I am applying gravity to a hydrostatic problem. When I apply gravity, operating in LAMMPS “real” units, I apply the equivalent 1g acceleration of gravity as -2.31e-4 (kcal/anstrom-gram), when converted to real units, which I think is correct. My issue is that I am generating a pressure gradient that is many orders of magnitude higher than it should be. Has anyone run into this issue before? If so, can you see where I am making a conceptual error?
From your description it is not clear what kind particles you are simulating, but please note that for atomic scale simulations and the corresponding time scales, gravity forces are negligible and tiny compared to the forces from atomic interactions.

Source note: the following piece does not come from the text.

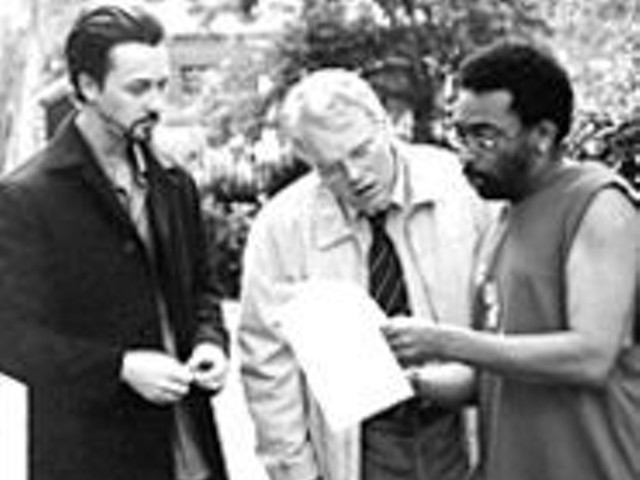 Edward Norton, Philip Seymour Hoffman and Spike Lee at work on 25th Hour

Thank you for the response. I am using fictional particles that are essentially noble gas (no angular torques or particle attractions). I am building models that are being used as analogs for much larger systems, and I am mostly doing this as a learning exercise. I just want to make sure I am using the right numbers. Perhaps I will switch to SI units, but there is no happy median as far as unit systems, since some parameters are very dependent on significant figures required for a stable solution.
Please note that units real
has masses in atomic mass units (or Daltons, or g/mol). Redo your calculations and you will find that the gravitational acceleration due to Earth’s mass at its surface, in units real
, is exceedingly negligible.
Thank you for that clarification on units. I will double check for atomic mass units. I am scaling up the gravity to a level where it will be measurable in these models, in order to understand the nature of its contribution to the dynamics of much larger models which are UN-modelable due to computation limitations. What I am making are tiny proxy models that I will draw inferences for behavior at true scale by projecting these behaviors to scale. The LAMMPS mathematical solver is a useful tool for me to build analogs because of its computational efficiency.
Note that LAMMPS has unit styles micro
, cgs
, and si
for directly modelling macroscopic systems.
I will experiment with some unit changes. That should clarify things for me. Thanks for your help.